It’s the end of April. You know what that means. Time to sell in May and go away. Right?
Wrong.
Trying to time the market is notoriously difficult for trading pros — let alone average investors. Anyone that tells you they called the exact market bottom or top of any given cycle is probably lying.
And while it may be unsettling to watch the market fall, it’s typically better to just ride out market storms.
That brings us to the supposedly rough summer doldrums for the market.
When traders say sell in May and go away, they usually advise investors to step aside for the summer as well as the early fall.
Now it’s true that stock market volume tends to dry up once Wall Streeters start heading to the beach. That can make trading more volatile.

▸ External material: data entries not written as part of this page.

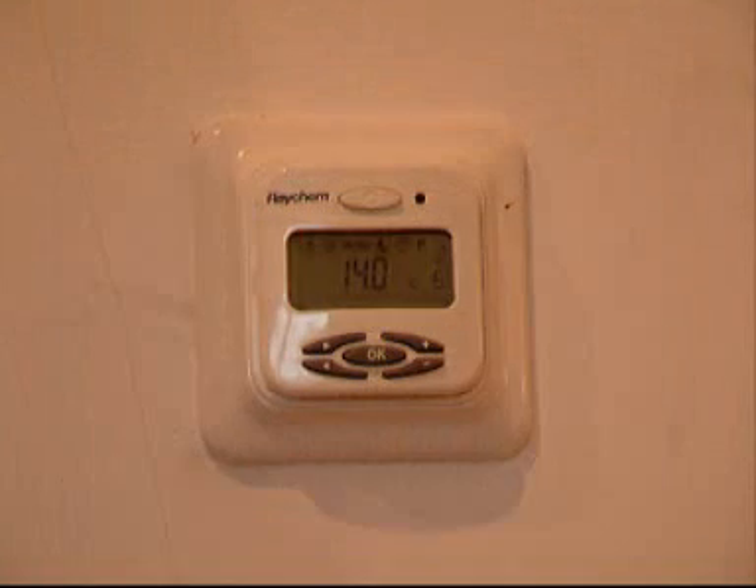That's basically the system. It's an underfloor heating system, it's self-regulating, and it works very well.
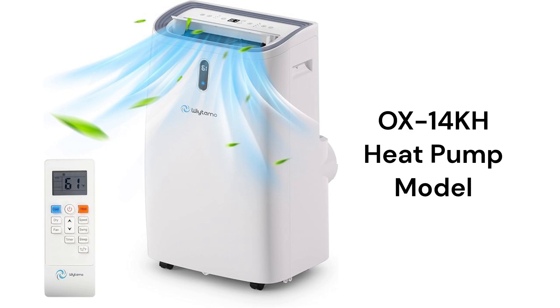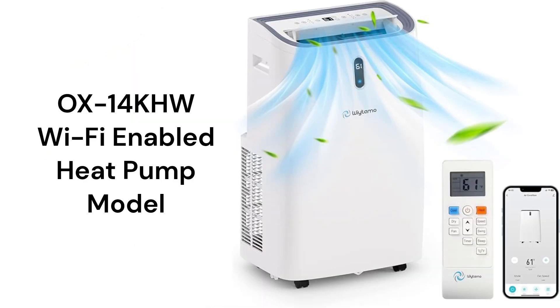The OX14KH model is a basic 14,000 BTU heat pump, while the OX14KHW is WiFi-enabled for control through a smartphone app or with voice commands from Google and Alexa. The units have a 3-speed fan with oscillating louvers for enhanced air circulation throughout the room.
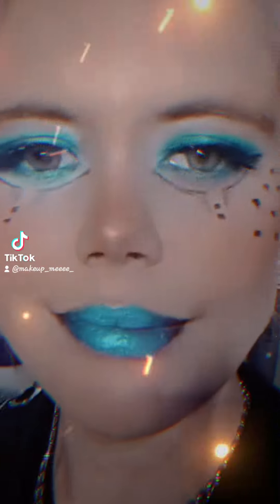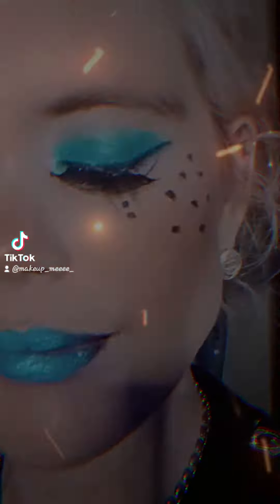Hi guys, it's Naomi here. I thought I wanted to show you how I did this beautiful blue look.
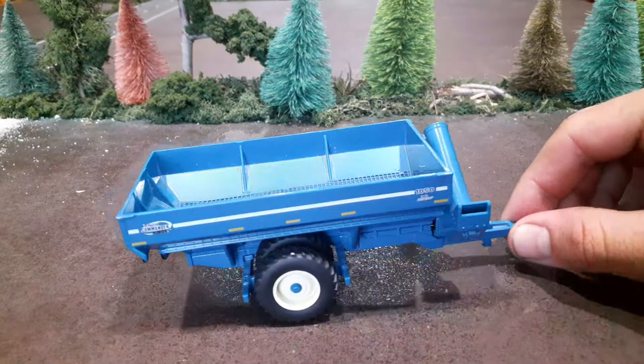Anyway, I just thought this was a really cool grain cart. If anybody has one they want to sell — another one made with tracks or flotation tires — let me know, I would be interested in buying one. Thanks for watching, have a good day.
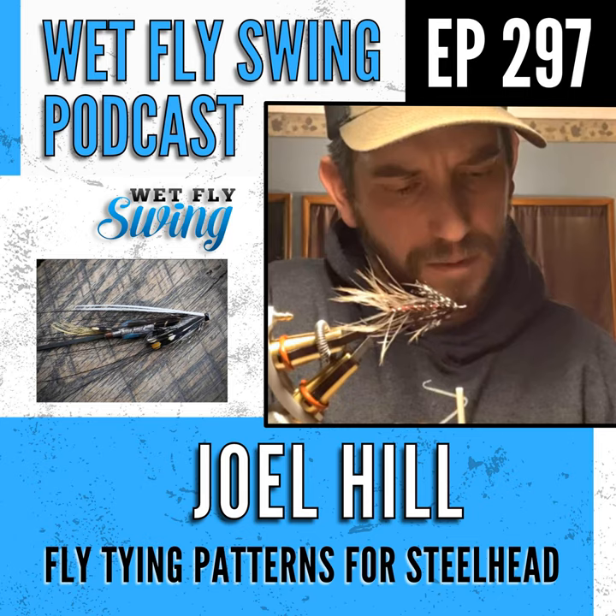Joel has doubled down on steelhead flies and his Instagram is full of remarkably clean work. He credits the fast progression to Instagram and helpful tyers like Jason Miller, who he bugged with questions. It happens pretty quickly nowadays with so many people sharing knowledge online.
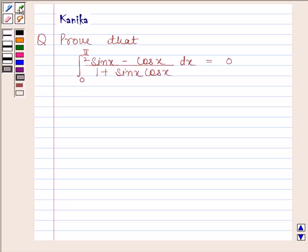Hi and welcome to our session. Let us discuss the following question. The question says: prove that the integral of (sin x minus cos x) divided by (1 plus sin x cos x) from 0 to pi by 2 is equal to 0. Let us now begin with the solution.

September has historically been a bad month for stocks. And October is scary to many investors since some of the biggest one-day crashes in history have taken place in that month.
But if you’ve followed this trading “rule” for the past few years, you missed out on some decent gains.
Here’s what the S&P 500 did from May through the end of October last year.
I really hope you didn’t “go away” in 2013.
Stocks also eked out a gain in the late spring/summer/early autumn of 2012.
Now does this mean that the market is guaranteed to go up this summer? Of course not. But if the market pulls back, it won’t have anything to do with the calendar.
Concerns about a Fed rate hike, weak earnings and geopolitical risks would be likely causes for a sell-off — not the fact that traders are stuck in traffic on the Hampton Jitney.